I have summary statistics of a GWAS in a tab-separated format, as follows:
SNP CHR BP GENPOS ALLELE1 ALLELE0 A1FREQ F_MISS BETA SE P
I want to adjust these summary statistics for LD (preferentially by pruning), keeping only one of the SNPs in LD. I don't want to threshold for p-value (in fact, the pruned SNPs should stay representative in terms of p-values, as I'm trying to do a sort of enrichment analysis and need non-significant and significant results alike). I also don't have access to the genotype data - only to these summary statistics. They also contain some X-chromosomal SNPs.

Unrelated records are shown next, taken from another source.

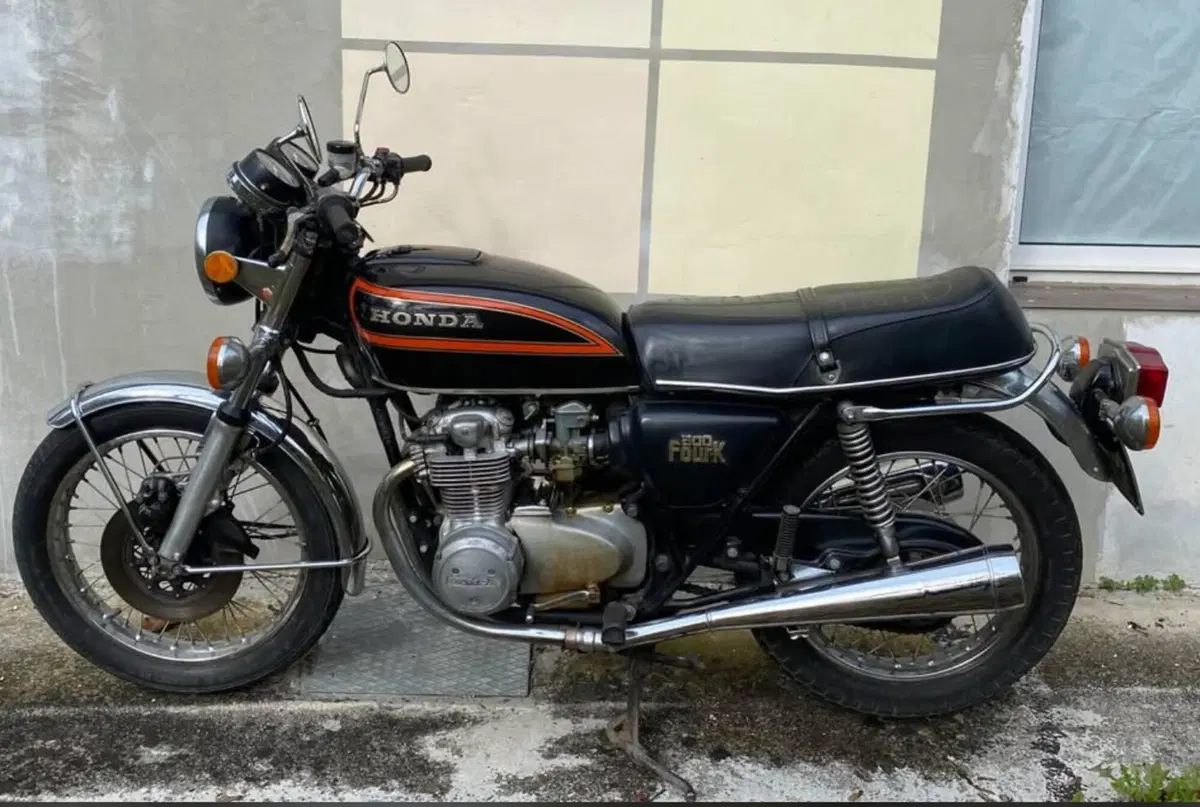Honda 500 Four K  (2)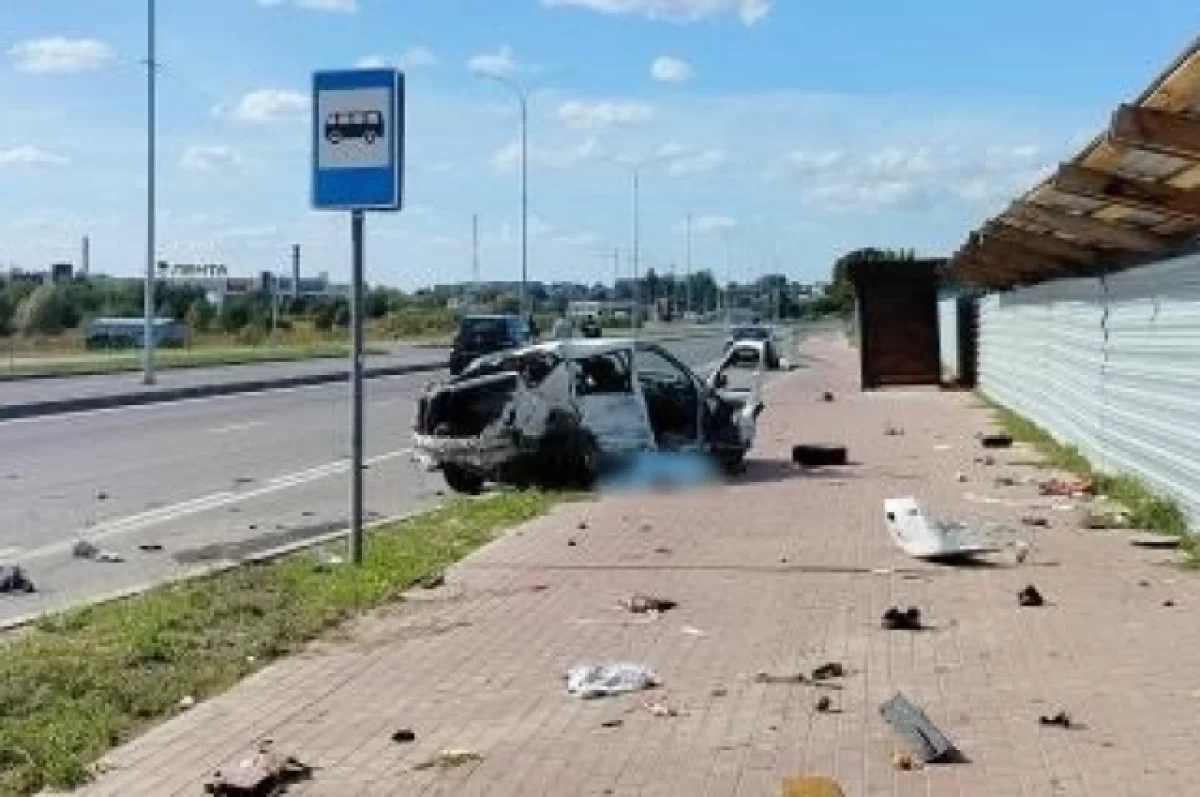 Пожилая пассажирка Renault погибла в ДТП на улице Ильи Иванова в Брянске
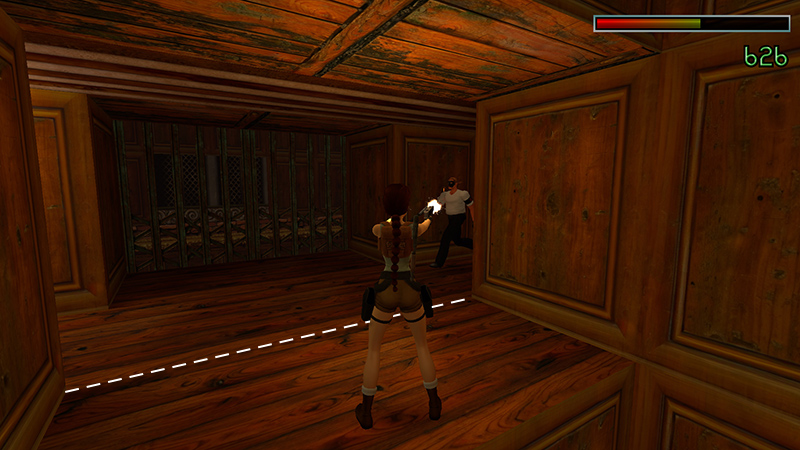 Tomb Raider II Remastered screenshot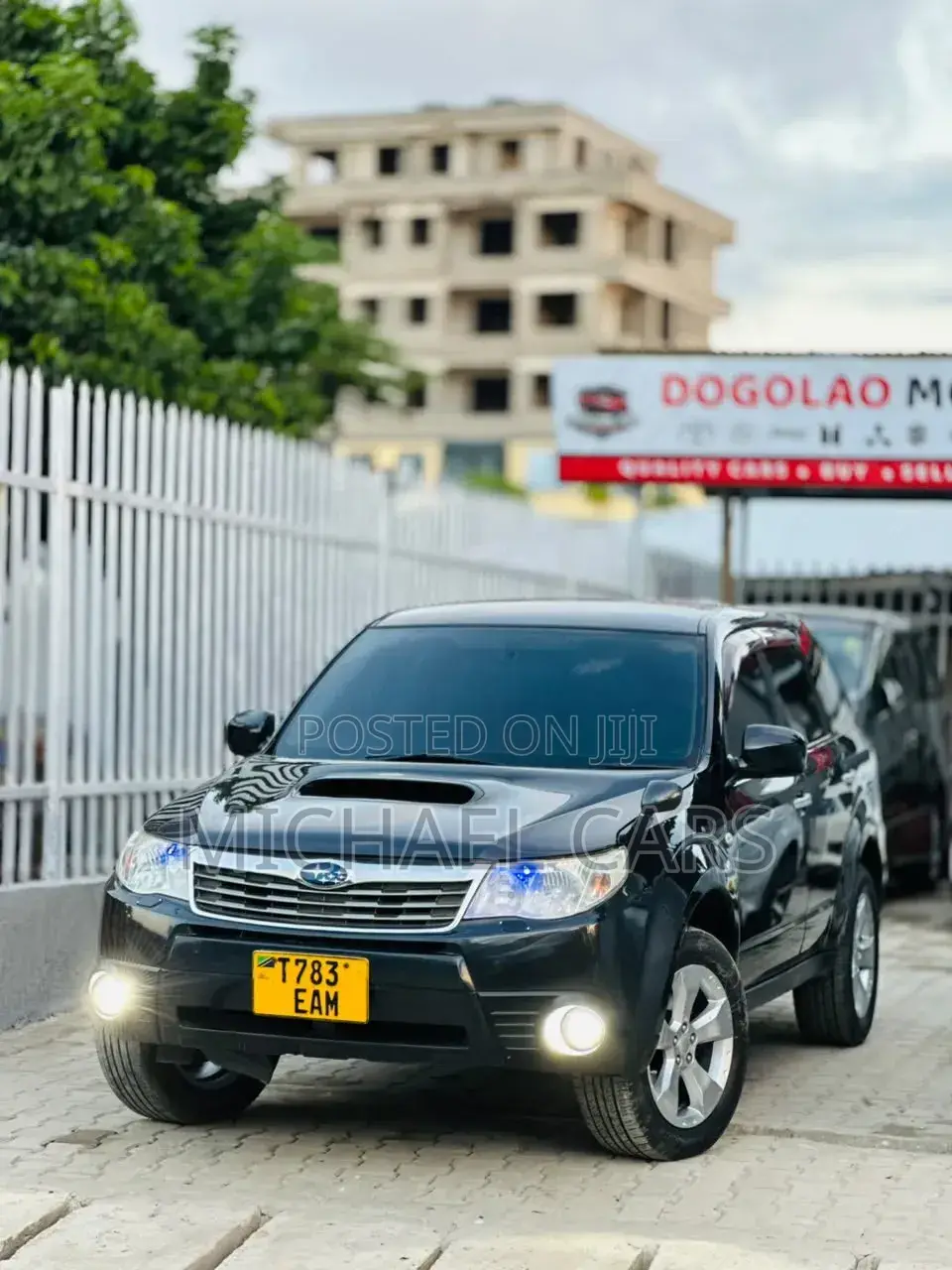 Subaru Forester 2009 Black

I'm not sure which tool is suitable for this. I've considered the following tools:
As far as I know, one can perform LD pruning in Plink. However, I can't seem to find a way to perform this pruning in Plink with this file format.
From reading, this seems to do exactly what I want it to - however, the documentation states that "it will be extremely time-consuming if you set a very low significance level, e.g. 5e-3" . I'm guessing this might not run to completion if I were to try this with no p-value threshold at all.
The documentation states "LDpred is a Python based software package that adjusts GWAS summary statistics for the effects of linkage disequilibrium". This does sound like what I need, though I'm not sure if it really can perform this step of LD pruning in isolation. I wanted to try it, though I've not gotten it to work on my system.
Any help is greatly appreciated. Is one of these tools suitable or is there another that can be used for this task? Is it possible to wrangle these summary statistics into a format suitable for Plink? Is GCTA-Cojo feasible without a p-value threshold? Is LDpred capable of this and would be worth spending time to set up?